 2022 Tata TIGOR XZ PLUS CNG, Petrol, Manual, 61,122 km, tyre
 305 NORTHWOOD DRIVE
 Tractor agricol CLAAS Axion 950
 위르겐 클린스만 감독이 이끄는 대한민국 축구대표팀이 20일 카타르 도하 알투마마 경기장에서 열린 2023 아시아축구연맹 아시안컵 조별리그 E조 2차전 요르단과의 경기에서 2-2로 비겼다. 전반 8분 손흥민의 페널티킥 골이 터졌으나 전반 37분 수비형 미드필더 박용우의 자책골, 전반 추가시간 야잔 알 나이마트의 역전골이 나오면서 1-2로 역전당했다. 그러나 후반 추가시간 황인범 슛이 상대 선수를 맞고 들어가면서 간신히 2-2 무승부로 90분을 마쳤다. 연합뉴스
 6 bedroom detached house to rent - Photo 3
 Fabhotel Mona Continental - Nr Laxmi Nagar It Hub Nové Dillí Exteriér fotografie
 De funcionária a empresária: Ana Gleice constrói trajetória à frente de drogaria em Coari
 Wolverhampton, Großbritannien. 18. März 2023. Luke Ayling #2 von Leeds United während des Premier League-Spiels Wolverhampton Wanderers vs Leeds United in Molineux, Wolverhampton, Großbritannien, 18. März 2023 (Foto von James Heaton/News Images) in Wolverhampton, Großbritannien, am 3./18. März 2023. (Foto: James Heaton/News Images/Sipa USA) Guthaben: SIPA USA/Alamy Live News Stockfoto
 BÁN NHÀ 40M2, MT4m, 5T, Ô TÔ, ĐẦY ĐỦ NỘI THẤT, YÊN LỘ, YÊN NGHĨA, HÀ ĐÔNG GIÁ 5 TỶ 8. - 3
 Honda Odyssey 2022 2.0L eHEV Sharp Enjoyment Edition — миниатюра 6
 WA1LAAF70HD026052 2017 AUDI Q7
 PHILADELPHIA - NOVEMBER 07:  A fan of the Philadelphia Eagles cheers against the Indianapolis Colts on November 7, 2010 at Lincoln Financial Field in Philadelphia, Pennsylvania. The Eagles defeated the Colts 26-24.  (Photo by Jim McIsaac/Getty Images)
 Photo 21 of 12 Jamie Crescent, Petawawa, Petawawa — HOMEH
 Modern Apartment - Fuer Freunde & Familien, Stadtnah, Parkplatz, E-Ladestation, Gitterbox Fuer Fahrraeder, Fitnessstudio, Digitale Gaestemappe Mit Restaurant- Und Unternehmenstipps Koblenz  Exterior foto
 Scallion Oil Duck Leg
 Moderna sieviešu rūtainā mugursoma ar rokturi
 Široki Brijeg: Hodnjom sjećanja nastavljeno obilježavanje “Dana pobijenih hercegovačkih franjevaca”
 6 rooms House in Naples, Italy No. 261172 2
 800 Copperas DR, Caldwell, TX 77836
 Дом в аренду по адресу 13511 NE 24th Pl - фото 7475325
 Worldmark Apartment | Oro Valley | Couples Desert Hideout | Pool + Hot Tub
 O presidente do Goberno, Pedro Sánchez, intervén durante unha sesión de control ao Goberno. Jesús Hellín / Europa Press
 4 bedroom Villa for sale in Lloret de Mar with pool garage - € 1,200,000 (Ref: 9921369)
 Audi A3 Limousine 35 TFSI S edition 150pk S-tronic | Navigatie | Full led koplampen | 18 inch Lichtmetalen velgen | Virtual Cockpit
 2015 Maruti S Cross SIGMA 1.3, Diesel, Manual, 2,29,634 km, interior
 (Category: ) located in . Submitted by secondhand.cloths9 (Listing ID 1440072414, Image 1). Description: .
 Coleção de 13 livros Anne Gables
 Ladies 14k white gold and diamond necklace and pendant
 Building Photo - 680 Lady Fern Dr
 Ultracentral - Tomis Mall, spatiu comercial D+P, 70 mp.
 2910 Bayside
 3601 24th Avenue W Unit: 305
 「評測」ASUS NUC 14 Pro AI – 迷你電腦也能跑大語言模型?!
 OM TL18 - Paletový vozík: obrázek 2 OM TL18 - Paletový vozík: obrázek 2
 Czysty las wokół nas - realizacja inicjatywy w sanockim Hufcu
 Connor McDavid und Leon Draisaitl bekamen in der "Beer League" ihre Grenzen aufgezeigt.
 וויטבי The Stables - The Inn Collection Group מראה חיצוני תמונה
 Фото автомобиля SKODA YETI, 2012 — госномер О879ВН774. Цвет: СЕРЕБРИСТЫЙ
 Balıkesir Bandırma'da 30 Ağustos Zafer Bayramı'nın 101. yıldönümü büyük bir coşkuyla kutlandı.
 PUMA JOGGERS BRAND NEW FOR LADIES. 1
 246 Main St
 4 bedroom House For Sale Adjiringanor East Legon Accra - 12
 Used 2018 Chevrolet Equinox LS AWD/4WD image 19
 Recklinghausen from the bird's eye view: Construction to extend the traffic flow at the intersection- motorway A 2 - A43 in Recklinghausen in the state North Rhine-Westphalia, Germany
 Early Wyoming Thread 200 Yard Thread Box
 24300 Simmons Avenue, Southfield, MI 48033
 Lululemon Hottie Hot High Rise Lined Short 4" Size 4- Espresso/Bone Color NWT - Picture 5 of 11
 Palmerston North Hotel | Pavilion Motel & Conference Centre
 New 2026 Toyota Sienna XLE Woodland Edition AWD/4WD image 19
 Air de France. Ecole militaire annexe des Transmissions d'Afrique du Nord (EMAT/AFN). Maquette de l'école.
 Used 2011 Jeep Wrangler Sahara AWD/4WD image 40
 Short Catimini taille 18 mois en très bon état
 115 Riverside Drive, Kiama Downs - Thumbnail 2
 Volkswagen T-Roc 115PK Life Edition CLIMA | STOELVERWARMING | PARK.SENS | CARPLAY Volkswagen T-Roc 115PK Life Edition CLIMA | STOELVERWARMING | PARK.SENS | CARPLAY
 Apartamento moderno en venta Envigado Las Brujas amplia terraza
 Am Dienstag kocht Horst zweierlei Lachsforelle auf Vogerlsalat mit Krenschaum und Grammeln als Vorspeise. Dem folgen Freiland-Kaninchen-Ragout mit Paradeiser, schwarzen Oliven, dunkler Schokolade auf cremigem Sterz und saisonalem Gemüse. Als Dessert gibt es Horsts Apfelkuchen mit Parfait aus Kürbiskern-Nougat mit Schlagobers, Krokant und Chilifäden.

■ TASK DIRECTIONS
Write out a verbatim copy of the data, beginning with its first line and ending with the line that contains "Moderna sieviešu rūtainā".

■ SOLUTION
 2022 Tata TIGOR XZ PLUS CNG, Petrol, Manual, 61,122 km, tyre
 305 NORTHWOOD DRIVE
 Tractor agricol CLAAS Axion 950
 위르겐 클린스만 감독이 이끄는 대한민국 축구대표팀이 20일 카타르 도하 알투마마 경기장에서 열린 2023 아시아축구연맹 아시안컵 조별리그 E조 2차전 요르단과의 경기에서 2-2로 비겼다. 전반 8분 손흥민의 페널티킥 골이 터졌으나 전반 37분 수비형 미드필더 박용우의 자책골, 전반 추가시간 야잔 알 나이마트의 역전골이 나오면서 1-2로 역전당했다. 그러나 후반 추가시간 황인범 슛이 상대 선수를 맞고 들어가면서 간신히 2-2 무승부로 90분을 마쳤다. 연합뉴스
 6 bedroom detached house to rent - Photo 3
 Fabhotel Mona Continental - Nr Laxmi Nagar It Hub Nové Dillí Exteriér fotografie
 De funcionária a empresária: Ana Gleice constrói trajetória à frente de drogaria em Coari
 Wolverhampton, Großbritannien. 18. März 2023. Luke Ayling #2 von Leeds United während des Premier League-Spiels Wolverhampton Wanderers vs Leeds United in Molineux, Wolverhampton, Großbritannien, 18. März 2023 (Foto von James Heaton/News Images) in Wolverhampton, Großbritannien, am 3./18. März 2023. (Foto: James Heaton/News Images/Sipa USA) Guthaben: SIPA USA/Alamy Live News Stockfoto
 BÁN NHÀ 40M2, MT4m, 5T, Ô TÔ, ĐẦY ĐỦ NỘI THẤT, YÊN LỘ, YÊN NGHĨA, HÀ ĐÔNG GIÁ 5 TỶ 8. - 3
 Honda Odyssey 2022 2.0L eHEV Sharp Enjoyment Edition — миниатюра 6
 WA1LAAF70HD026052 2017 AUDI Q7
 PHILADELPHIA - NOVEMBER 07:  A fan of the Philadelphia Eagles cheers against the Indianapolis Colts on November 7, 2010 at Lincoln Financial Field in Philadelphia, Pennsylvania. The Eagles defeated the Colts 26-24.  (Photo by Jim McIsaac/Getty Images)
 Photo 21 of 12 Jamie Crescent, Petawawa, Petawawa — HOMEH
 Modern Apartment - Fuer Freunde & Familien, Stadtnah, Parkplatz, E-Ladestation, Gitterbox Fuer Fahrraeder, Fitnessstudio, Digitale Gaestemappe Mit Restaurant- Und Unternehmenstipps Koblenz  Exterior foto
 Scallion Oil Duck Leg
 Moderna sieviešu rūtainā mugursoma ar rokturi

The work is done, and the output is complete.